Oleh: Diana Timoria*
Agnes Danga Lila (25 tahun) dan beberapa warga Desa Rakawatu, Kecamatan Lewa, Kabupaten Sumba Timur, Nusa Tenggara Timur berjalan membawa jerigen bekas minyak goreng berukuran lima liter. Mereka berjalan menyusuri jalanan setapak di tepian bukit dengan kerikil-kerikil kecil. Mereka menggunakan jerigen tersebut untuk mengambil air di sebuah bak penampung yang terletak sekitar 50 meter dari pemukiman mereka.
“Dulu kalau ambil air harus jalan jauh sampai ke sebelah bukit. Sekarang sudah tidak lagi.

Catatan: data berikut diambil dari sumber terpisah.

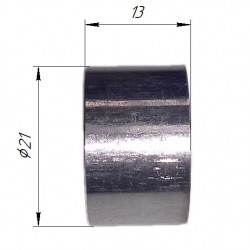 Tuleja łożyska krótka do pompy CDLF20, AISI 304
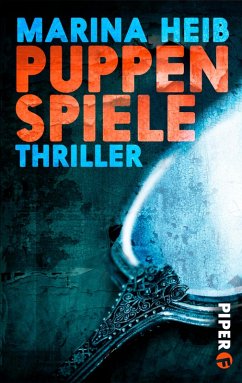 Puppenspiele (eBook, ePUB) - Heib, Marina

Sudah lebih dekat dan jalannya juga tidak terlalu curam,” kata Agnes atau yang biasa dipanggil Mama Amel.
Sejak awal tahun 2020, penduduk Desa Rakawatu terbantu oleh pompa hidraulik ram (hidram) yang membantu mengalirkan air bersih ke desa tersebut. Pompa ini dibangun atas kerja sama pemerintah desa dan komunitas peduli sesama serta warga di Desa Rakawatu.
Pertama kali dikembangkan di Perancis pada tahun 1700-an, teknologi pompa hidram memanfaatkan tekanan air untuk mengalirkan air dari tempat rendah ke tempat yang lebih tinggi. Pompa ini banyak digunakan di negara berkembang untuk memenuhi kebutuhan air bersih. Nepal adalah salah satu negara yang menggunakan pompa hidram di wilayah pedesaan yang sulit mendapatkan air, seperti Distrik Dhading.
Direktur Yayasan Marada Pilipus Mbewa Yanggu, yang juga menjadi koordinator lapangan pembuatan pompa hidram di Desa Rakawatu, mengatakan teknologi ini dapat menjadi solusi berkelanjutan untuk pemenuhan kebutuhan air masyarakat. Pompa ini dapat beroperasi memompa air hingga ketinggian 70 meter tanpa listrik atau BBM. Air dialirkan ke tiga penampungan air di sekitar penampungan warga.
“Selain bahannya mudah didapat, pompa ini tidak akan mengganggu kualitas lingkungan. Teknologi ini mengandalkan tekanan air untuk beroperasi sehingga tidak membutuhkan energi lain yang perlu melepaskan zat berbahaya ke udara atau lingkungan,” kata Ipu Yanggu.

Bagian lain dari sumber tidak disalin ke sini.